DENVER, May 15, 2015 — (PRNewswire) — (TSX: IMP) – Intermap Technologies Corporation ("Intermap" or the "Company") today reported financial results for the first quarter ended March 31, 2015. A conference call will be held today, May 15th, at 5:00 p.m. Eastern Time to discuss the results.
All amounts in this news release are in United States dollars unless otherwise noted.
Intermap reported total revenue of $1.0 million for the first quarter of 2015, compared to $2.1 million recorded in the same period of 2014. Operating loss for the first quarter of 2015 and 2014 was $4.0 million in each period. First quarter adjusted EBITDA for 2015 and 2014, a non IFRS financial measure, was a loss of $3.6 million in each period. Adjusted EBITDA excludes restructuring costs, share-based compensation, change in value of derivative instruments, gain or loss on the disposal of equipment, and gain or loss on foreign currency translation.

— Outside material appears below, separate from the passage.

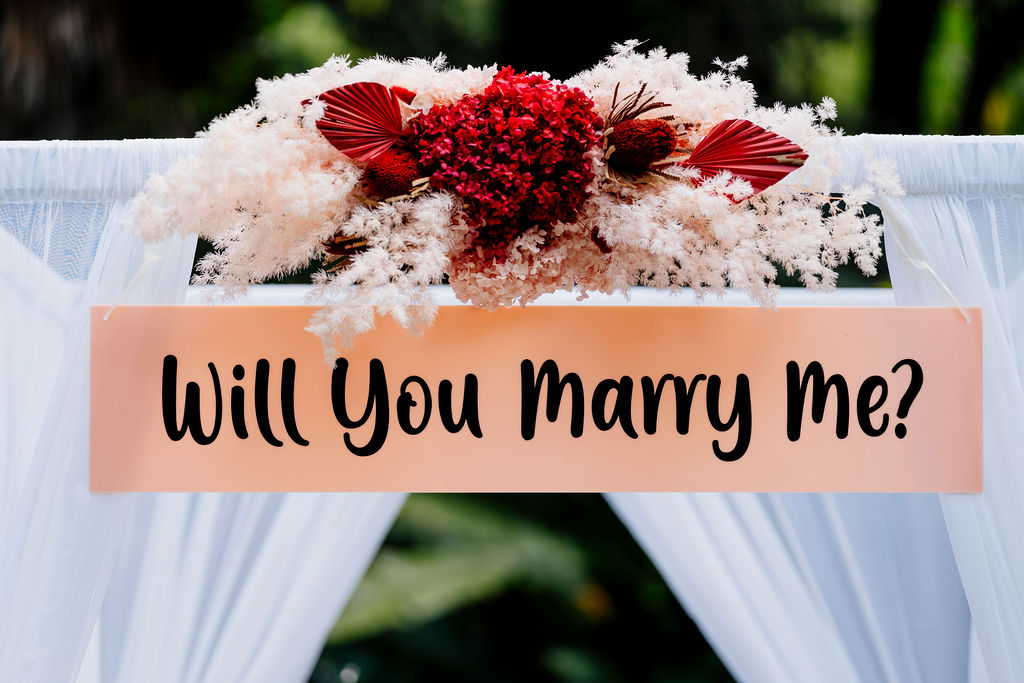 will you marry me proposal decor Palm Cove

"Our focus for the quarter continued to be on further development of our 3DBI® software platform and the pursuit of an anticipated Spatial Data Infrastructure ("SDI") contract," said Todd Oseth, President & CEO of Intermap. "Notable progress was achieved on both fronts with a concentration on the analytics portion of our Orion Platform™. Our platform based approach to solving geospatial problems allows each of our customers to customize their geospatial related requirements in a rapid manner, eliminating the need for lengthy development times that would otherwise be required in non-platform based software applications. We believe this approach is key to attracting new customers that have never had available to them this type of flexibility, speed and power."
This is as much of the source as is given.